Of critical importance is that the $13.6
billion investment to date is a multiple of many times the amount of Government
support the project has received. In an era where ‘nation building’ or ‘city
transforming’ infrastructure projects struggle to achieve much better than a
1:1 cost benefit ratio (and where massive leaps of faith in expert predictions
are usually required to get them there) the Springfield example needs no such empirical
gymnastics. The evidence in this project is that every dollar of government
support spent there generates many multiples in private investment, and builds
a complete community in the process. This is not just a dormitory development,
but one which aims at generating its own employment from trades to highly
skilled technical workers and everything in between.
Springfield is also a model of community
development that has been quietly (and sometimes publicly) derided by advocates
of increasing inner urban concentration. It fits what some would pejoratively denounce
as ‘sprawl’. Everything here is new.
Though obviously very popular with residents (otherwise they wouldn’t be living
here) it doesn’t conform with the approved group-think which attaches great
virtue to old world urban models reliant on foreign cities like Copenhagen or
Paris for their inspiration – many of them first laid out in the medieval
period. Being new and suburban is heresy
to much of the new urbanist and smart growth faiths that seek to recycle established
communities into ever higher density communities.

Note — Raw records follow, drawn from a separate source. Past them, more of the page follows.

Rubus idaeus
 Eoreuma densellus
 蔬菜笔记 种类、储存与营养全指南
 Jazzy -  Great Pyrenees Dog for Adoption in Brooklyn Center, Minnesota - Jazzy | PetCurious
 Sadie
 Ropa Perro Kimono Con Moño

Density for some has become the end in
itself, not the means to an end. Despite the mounting evidence of worsening
affordability, increasing congestion, a growing wealth divide between inner
urban residents and the rest, the problems of lagging and prohibitively
expensive infrastructure to support higher inner urban densities, mounting lists
of projects which struggle to achieve even a marginally credible 1:1 cost
benefit ratio – proponents continue to defy the evidence in pursuit of their
faith.
Yet Springfield offers more than a solution
to our emerging urban crisis: it also offers the business model. The experience
gained in developing this community to this stage should, logically, be
embraced by policy makers the country over. We should apply our minds to how
this was achieved with only equivocal public policy support (at the time) and
limited public funds, and imagine what could be achieved with just a little
more of both. Interpreting, studying and then applying this model of urban
development as part of a solution designed to alleviate excess pressure on just
a few urban centres isn’t just an idea, it’s a hugely compelling one.
Much of what has been achieved in the name
of “urban renewal” in Australia has been exemplary but increasingly the signs
are that excessive concentrations of employment and housing in narrowly demarcated
inner city areas are counterproductive. The opportunity to use the Springfield
model of urban development to house an increasingly bigger Australia is one
that deserves to be explored, and sites identified for many more Springfields
to emerge in the future. The peripheries of those cities where worsening
affordability and excessive congestion are just two painfully obvious signs of
policy and market lag are the places to start looking.